‘Sicario’ Director Denis Villeneuve on Why He Cut Benicio Del Toro’s Lines

“We felt his character would benefit by less dialogue,” director tells TheWrap

This story originally appeared in the Actors/Directors/Writers issue of TheWrap’s Oscar magazine.

Director Denis Villeneuve sees his Mexican drug-war film “Sicario” not as a thriller–though it certainly packs an action punch–but rather as the second in what he hopes will be a trilogy of films about the dark side of the American imagination. They began with his 2013 revenge drama “Prisoners,” and will conclude, after the director’s upcoming reboot of “Blade Runner,” with “something that has to do with what I call ‘the underground American shadows,’” said Villeneuve.

To capture the moral shadiness in “Sicario,” Villeneuve made distinctive use of silence interrupted by violence, inspired by his passion for Kurosawa’s “Seven Samurai.” “The use of silence is something I love,” said the director–and fortunately for him, Benicio Del Toro, who plays a morally ambiguous hitman (or “Sicario”), agreed. The actor, who won an Oscar for a similar drama (“Traffic”) and will be the hero of a forthcoming “Sicario” sequel, asked Villeneuve to cut his lines, to serve the dark strangeness of the character and story.

“We both loved the screenplay [by actor-turned-writer Taylor Sheridan],” said Villeneuve, “but we felt his character would benefit by less dialogue. Benicio thought that the movie will be believable if we believe his character comes from an extreme world. People who experience violence are very taciturn. They don’t want to share their horror.”
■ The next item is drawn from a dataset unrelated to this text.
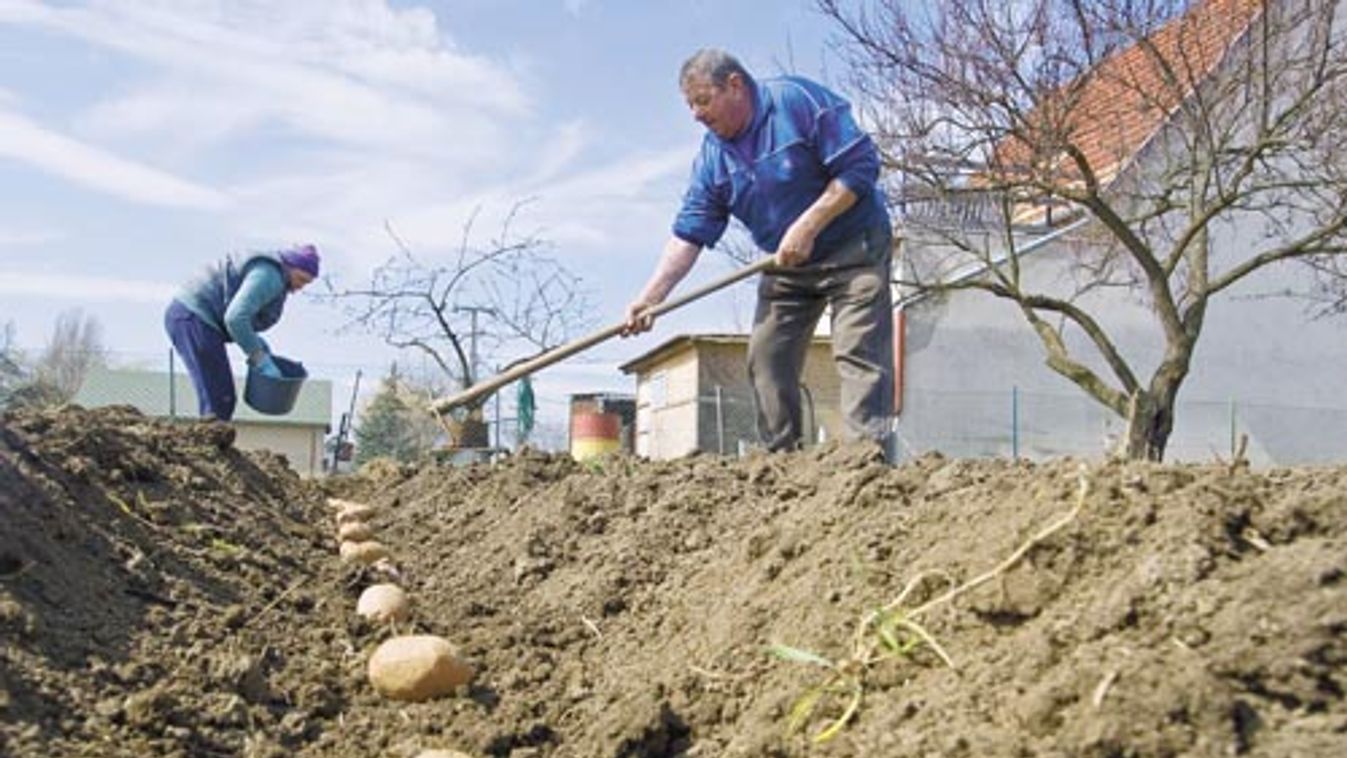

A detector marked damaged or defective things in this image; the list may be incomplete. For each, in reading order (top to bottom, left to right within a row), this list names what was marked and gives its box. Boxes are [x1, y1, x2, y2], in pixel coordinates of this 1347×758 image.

rusty barrel [573, 411, 625, 460]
One of the most horrific scenes in the film involves a brutal shooting that the viewer never sees–except in Del Toro’s wordless reaction to it. “Dialogue for me is for theater, an art for the stage,” Villeneuve said. “Cinema is not about dialogue. It’s about images and moments and present tense. Benicio can convey more by the way he breathes in front of the camera than any line–the way he portrays tension, the way you feel when you see him.”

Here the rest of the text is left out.